(INFORMATION SUPPLIED)
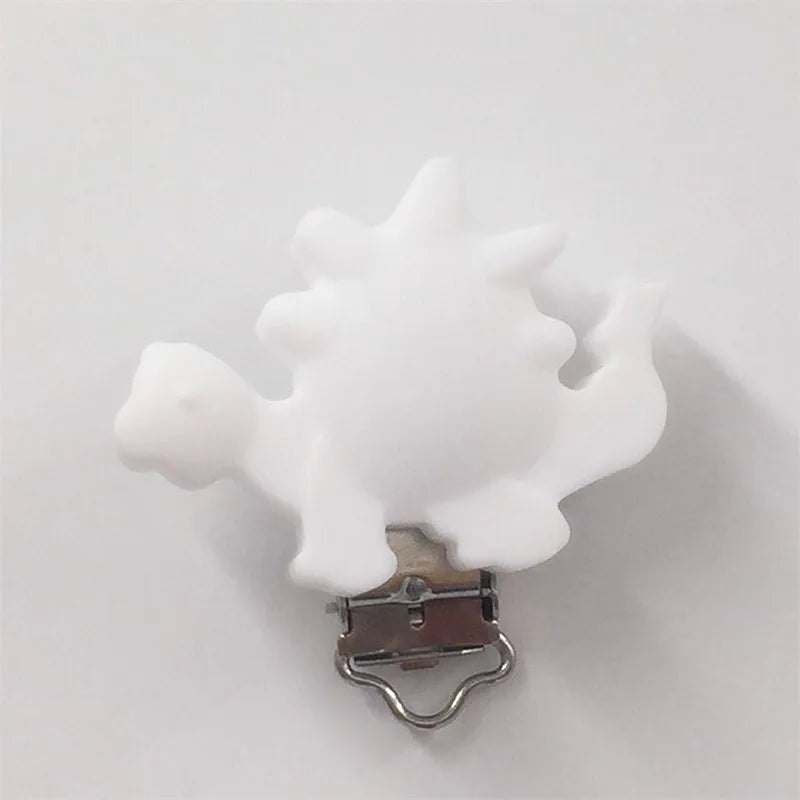 10pcs Silicone Dinosaur Teether Clips DIY Baby Pacifier Soother Sensory Toy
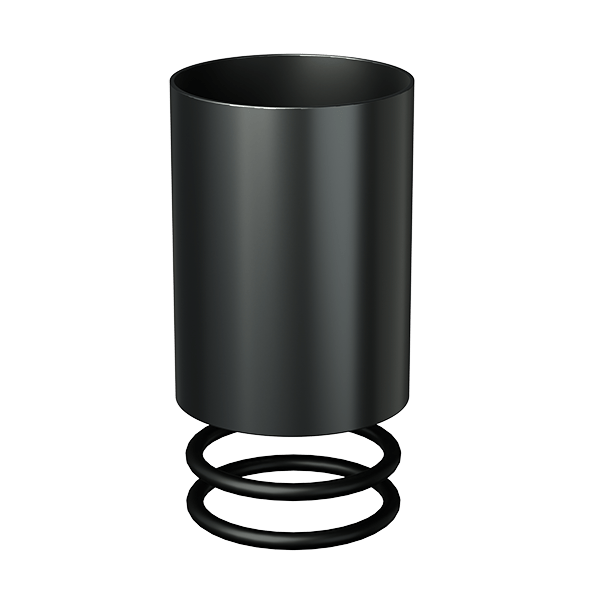 Angled front view of a matte black Stündenglass Modül Tank Sleeve with O-Rings showing the cylindrical sleeve above two stacked O-rings on a white background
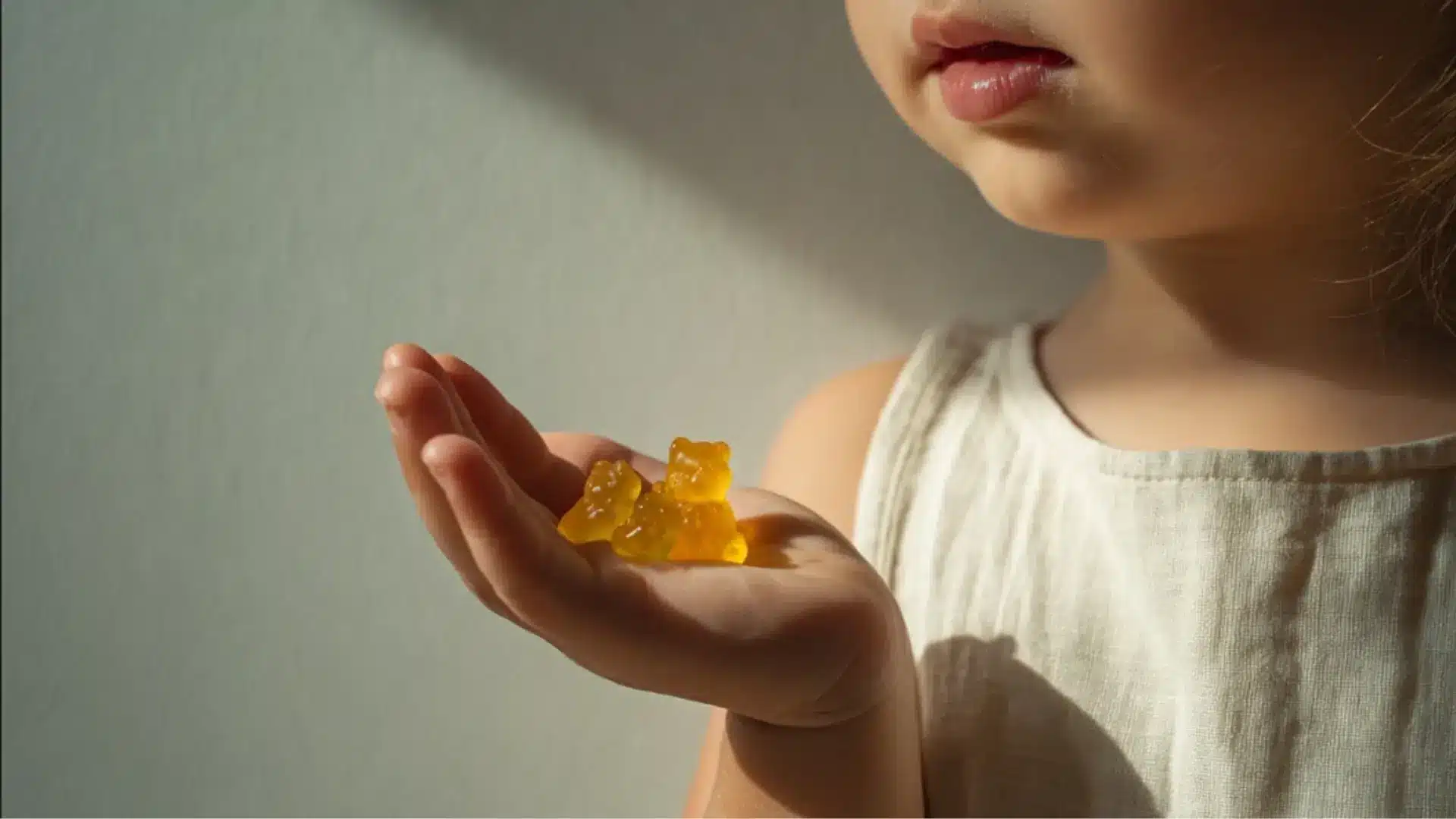 A close-up of a child holding a yellow gummy candy in their palm while looking at it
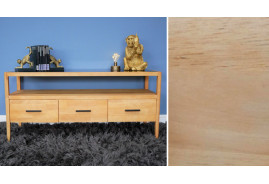 Mueble TV moderno y epurado de madera de caucho clara y tapa de cristal ahumado negro, 3 cajones, 120 cm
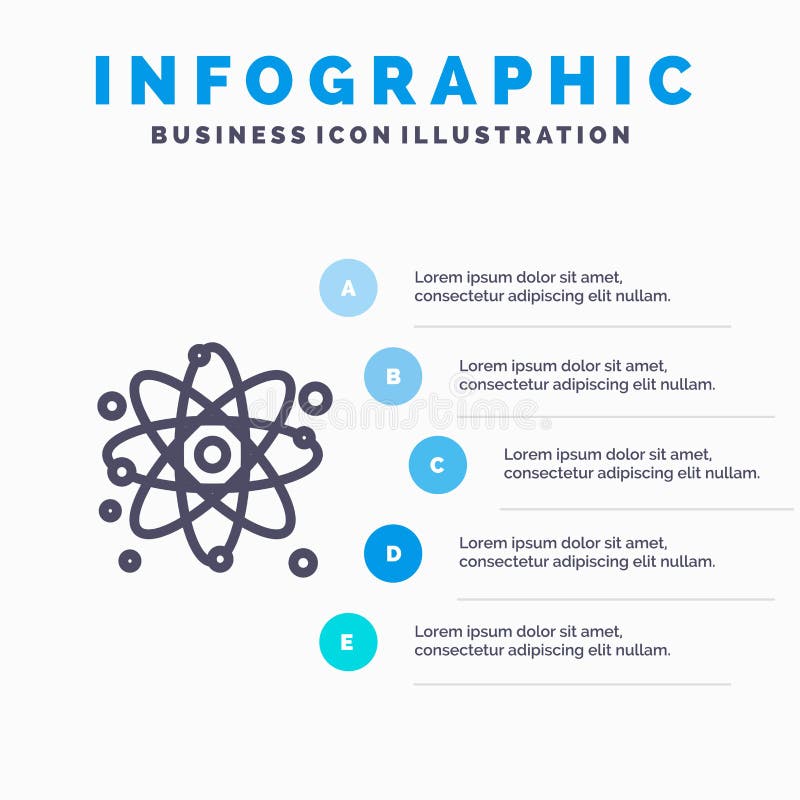 Atom, Particle, Molecule, Physics Line icon with 5 steps presentation infographics Background vector illustration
(End INFORMATION SUPPLIED)
Your copy should hold exactly the lines from the one that contains "A close-up of" through the final line of the data, both ends included, and no pictures.

- FINISHED EXERCISE
 A close-up of a child holding a yellow gummy candy in their palm while looking at it
 Mueble TV moderno y epurado de madera de caucho clara y tapa de cristal ahumado negro, 3 cajones, 120 cm
 Atom, Particle, Molecule, Physics Line icon with 5 steps presentation infographics Background vector illustration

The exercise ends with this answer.